La Côte d’Ivoire et le Programme des Nations Unies pour le développement (PNUD) ont franchi une nouvelle étape dans leur partenariat stratégique avec la signature, le 25 mars 2026, à Abidjan, du Programme de coopération 2026-2030. L’accord a été paraphé par le ministre ivoirien du Plan et du Développement, Souleymane Diarrassouba, et la représentante résidente du PNUD en Côte d’Ivoire, Blerta Cela.
Doté d’un budget prévisionnel de 99,6 millions de dollars, soit environ 56 milliards de FCFA, ce programme quinquennal vise à accompagner la stratégie de transformation économique et sociale de la Côte d’ivoire, en cohérence avec le Plan national de développement 2026-2030, adopté par le gouvernement. L’ambition affichée est d’accélérer la transformation structurelle de l’économie, d’élargir l’inclusion sociale et de renforcer la résilience du pays face aux défis climatiques.
Selon les autorités ivoiriennes, ce nouveau cadre de coopération s’inscrit dans la vision du Président Alassane Ouattara de bâtir « une nation prospère, solidaire et résiliente ». Il doit permettre d’optimiser l’impact des politiques publiques grâce à l’intégration d’approches innovantes, notamment dans les domaines de la gouvernance, du développement local et de la transition numérique.
Le ministre du Plan et du Développement, Souleymane Diarrassouba, a rappelé que l’économie ivoirienne continue d’afficher une dynamique solide en dépit les turbulences internationales. « Malgré un contexte international marqué par le changement climatique, les tensions géopolitiques et les perturbations des chaînes d’approvisionnement, l’économie ivoirienne demeure résiliente et dynamique », a-t-il affirmé.

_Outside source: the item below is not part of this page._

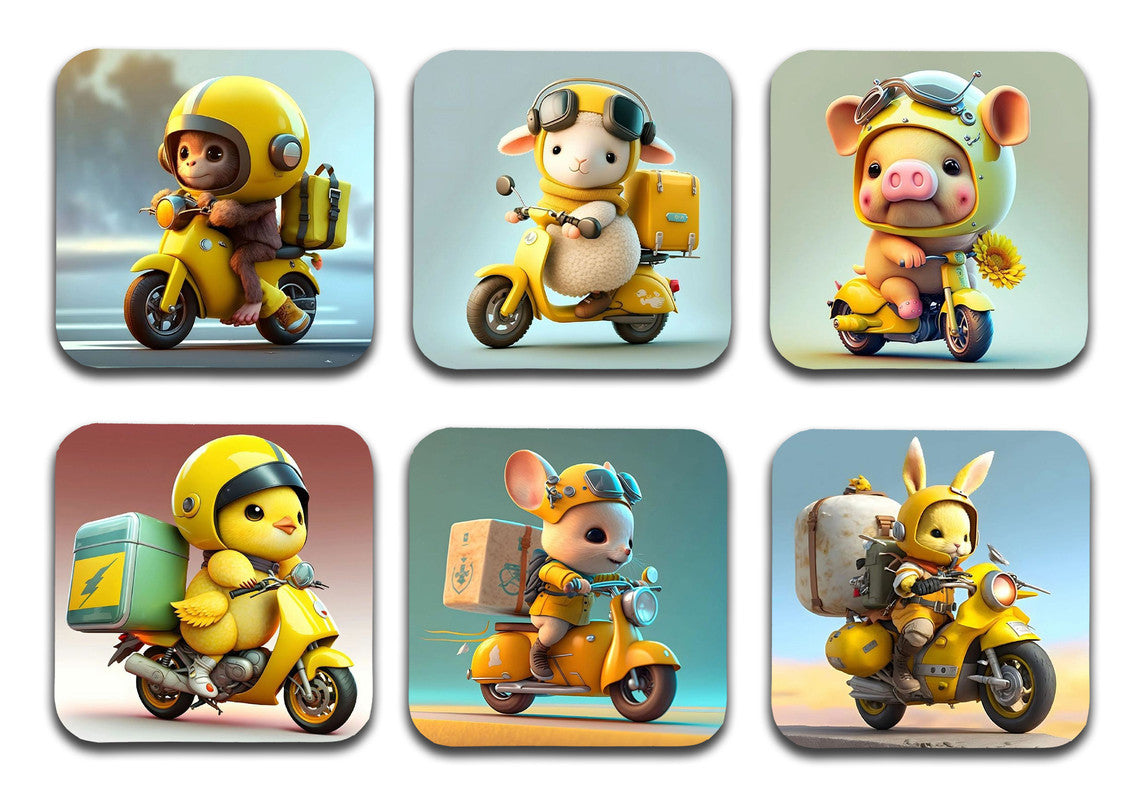 Cute Panda MDF Wooden Printed Square Coasters for Home and Kitchen | Dining Table Decor (Set of 6 Pieces) Cute Panda MDF Wooden Printed Square Coasters for Home and Kitchen | Dining Table Decor (Set of 6 Pieces)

A titre illustratif, le pays a enregistré un taux de croissance moyen de 6,5 % sur la période 2021-2025, consolidant sa position de deuxième économie d’Afrique de l’Ouest. Des progrès ont également été enregistrés sur le plan du développement humain, avec un indice de développement humain passé de 0,557 en 2021 à 0,582 en 2023.
Digitalisation des services publics et innovation économique
Le programme de coopération s’articule autour de deux axes structurants. Le premier concerne la modernisation des services publics, avec le déploiement de solutions numériques visant à rapprocher l’administration des citoyens et à renforcer la confiance dans l’action publique. Le second axe vise à soutenir une croissance plus inclusive et résiliente, en encourageant l’innovation, le développement de l’entrepreneuriat et l’essor de secteurs stratégiques tels que l’économie numérique, l’économie verte et l’économie bleue.
Pour la représentante résidente du PNUD, ce nouveau cycle de coopération marque une montée en puissance du partenariat entre les deux parties. « Aujourd’hui, nous changeons d’échelle. Nous ne lançons pas simplement un programme, nous lançons une ambition commune : cinq ans d’engagement collectif pour accompagner le pays », a déclaré Blerta Cela. Elle a souligné que l’élaboration du programme a reposé sur une approche participative, impliquant plus de vingt ministères, le secteur privé, le monde académique et la société civile.
Plus de 100 000 emplois et 100 millions de dollars pour le climat
Au-delà de la modernisation de l’action publique, le programme prévoit des objectifs chiffrés ambitieux comme la création de plus de 100 000 emplois, en particulier dans les secteurs liés aux économies verte et bleue, tout en soutenant le développement du tissu entrepreneurial. L’institution onusienne prévoit également d’accompagner l’accès à l’énergie propre, de protéger plus de 10 millions de personnes contre les risques climatiques et de mobiliser plus de 100 millions de dollars de financements en faveur du climat. Ces actions s’inscrivent dans une logique de transformation durable visant à concilier développement économique et préservation de l’environnement, alors que les enjeux climatiques deviennent de plus en plus déterminants pour les économies africaines.
Ce nouveau programme s’appuie sur plus de 65 ans de coopération solide entre la Côte d’Ivoire et le PNUD. Pour les autorités ivoiriennes, cette continuité constitue un atout majeur pour accélérer les réformes structurelles et améliorer les conditions de vie des populations. Le lancement officiel du programme ouvre ainsi un nouveau chapitre dans la coopération entre l’État ivoirien et le PNUD, avec l’ambition de consolider les acquis et d’impulser des transformations économiques et sociales durables d’ici 2030.